Email Marketing Insights
September 24, 2012 | By David Atlas
Here's an article I wrote for eM+C:
Marketers have an interesting relationship with technology. Without a doubt, new tools provide marketers with sophisticated analytical and communications capabilities unparalleled by any previous generation of marketers. Indeed, consumers today are findable, understandable and convertible through media that exist purely as developments atop technology. Yesteryear's network of connected computers becomes today's web of email inboxes, mobile connections and social channels.
Yet marketers aren't IT customers. They want to use tools, but the tools need to be designed in a way that's powerful and accessible. Just like automotive technology, which is usable by vastly more people than are able to understand it, marketers today need to leverage deeply complex technologies without drowning in the details of their operations.

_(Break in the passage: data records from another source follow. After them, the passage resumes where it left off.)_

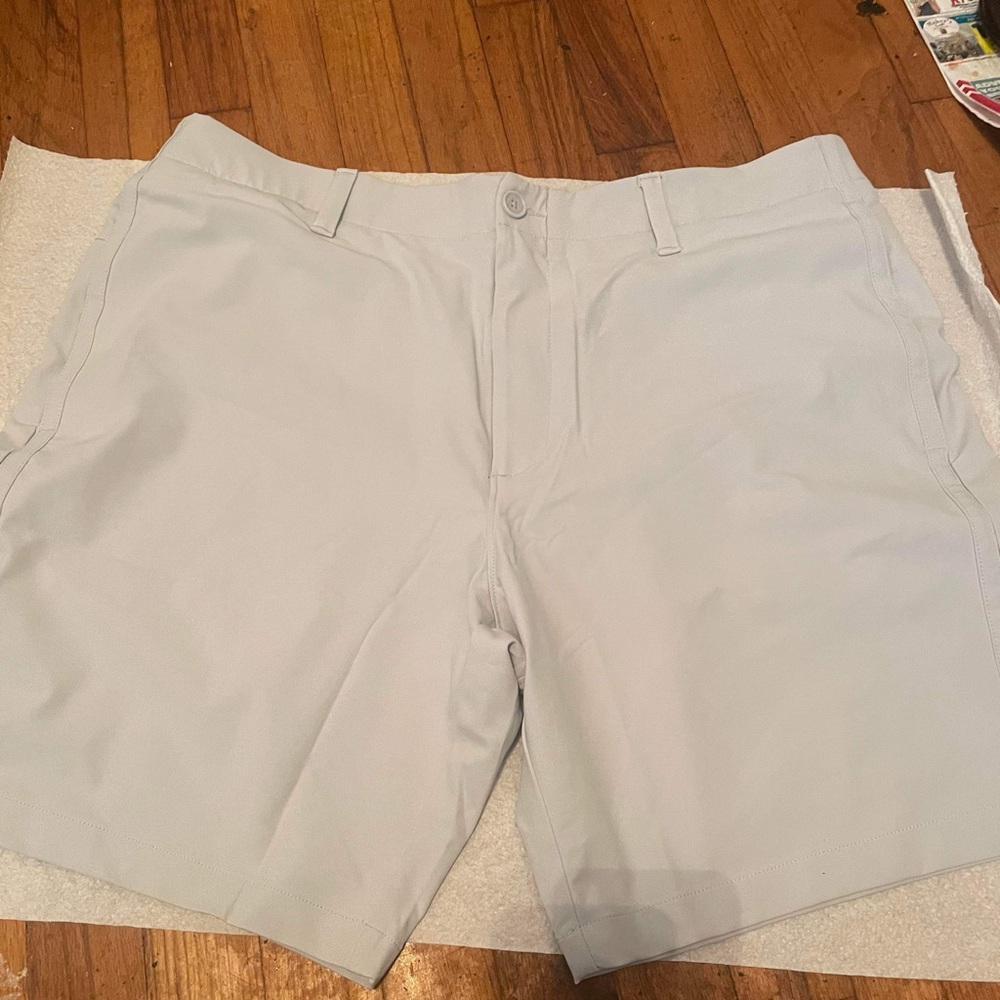 Men’s UA shorts size 38 Light blue in color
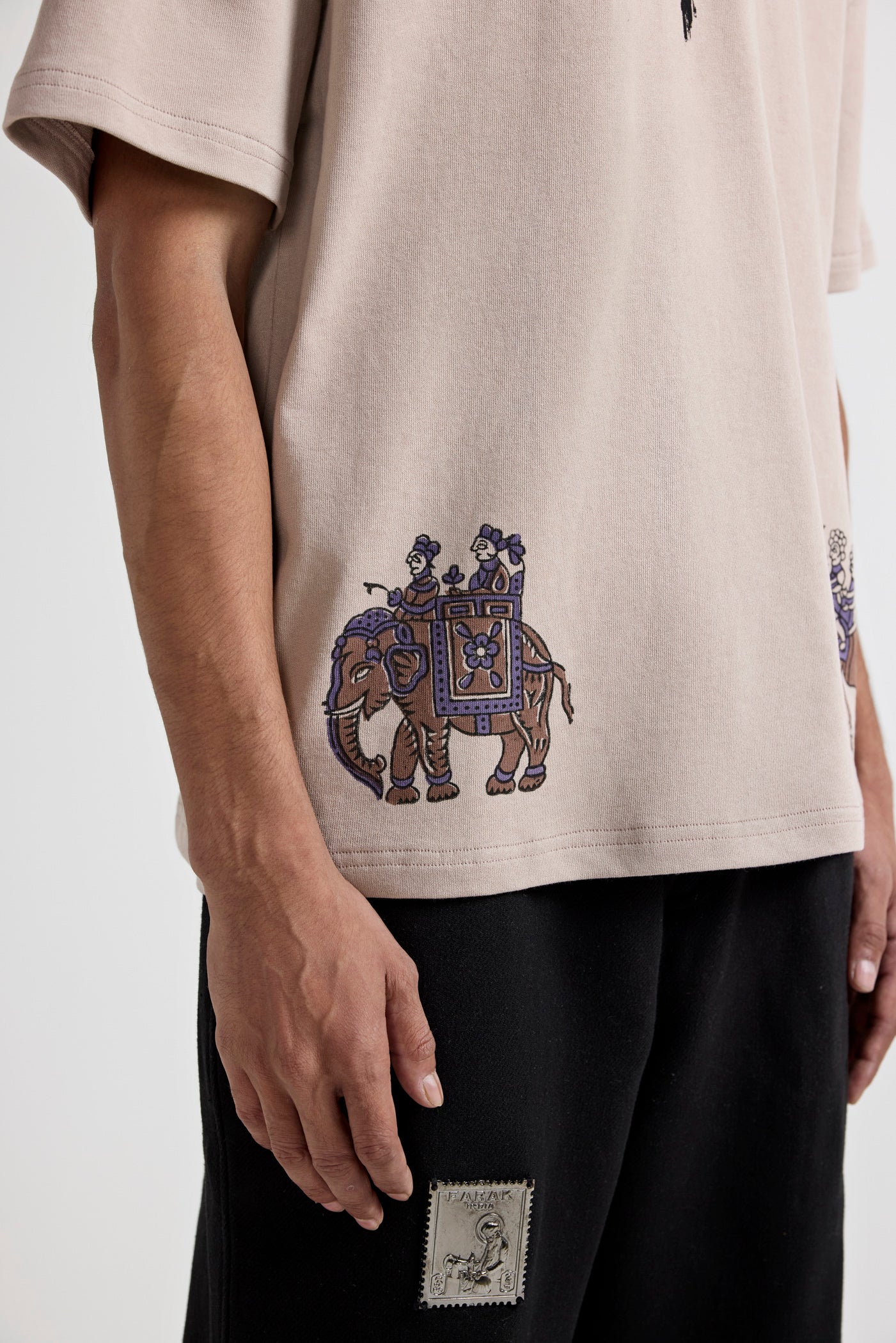 "Baraat" Blockprinted T-shirt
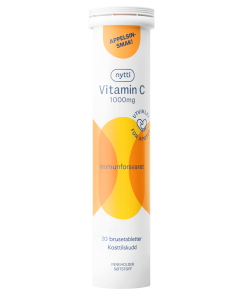 Nytti Vitamin C Brusetabletter Appelsin 1000mg
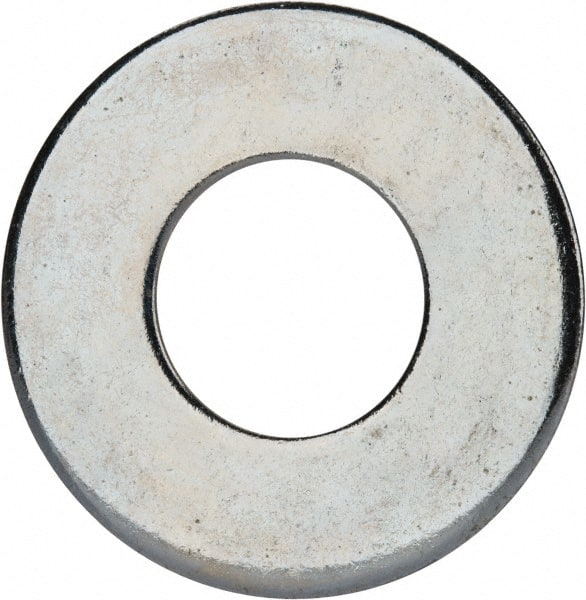 Value Collection - 1-1/4" Screw, Grade 2 Steel USS Flat Washer - 1.368" ID x 3.03" OD, 0.192" Thick, Zinc-Plated Finish - Exact Tooling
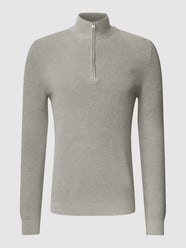 Strickpullover mit Stehkragen Modell 'Falco' von Cinque Silber - 11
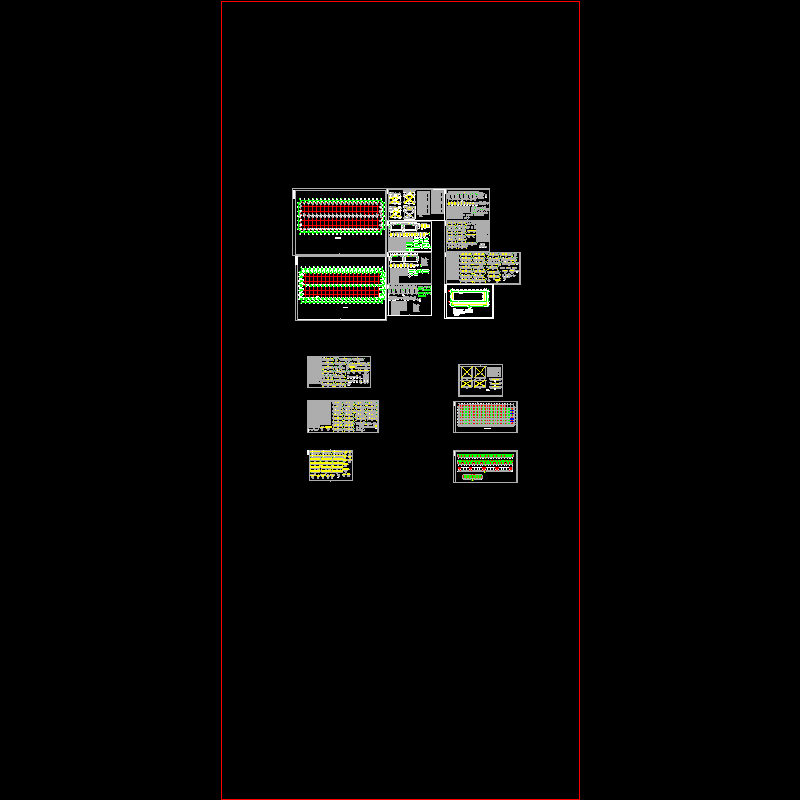 钢结构工业厂房结构施工方案大样图（CAD） - 1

They want to drive systems that maximize customer lifetime value without having to become computer programmers.
One of the key enablers of all this automation is the cloud. Cloud technologies — known by the roughly synonymous terms of Software as a Services (SaaS), on-demand software and hosted systems — mean that the software used to accomplish critical digital marketing campaigns isn't purchased by a customer and installed on premise. Cloud-based technologies run "out there." You simply open a broswer, log in with your account credentials and get to work.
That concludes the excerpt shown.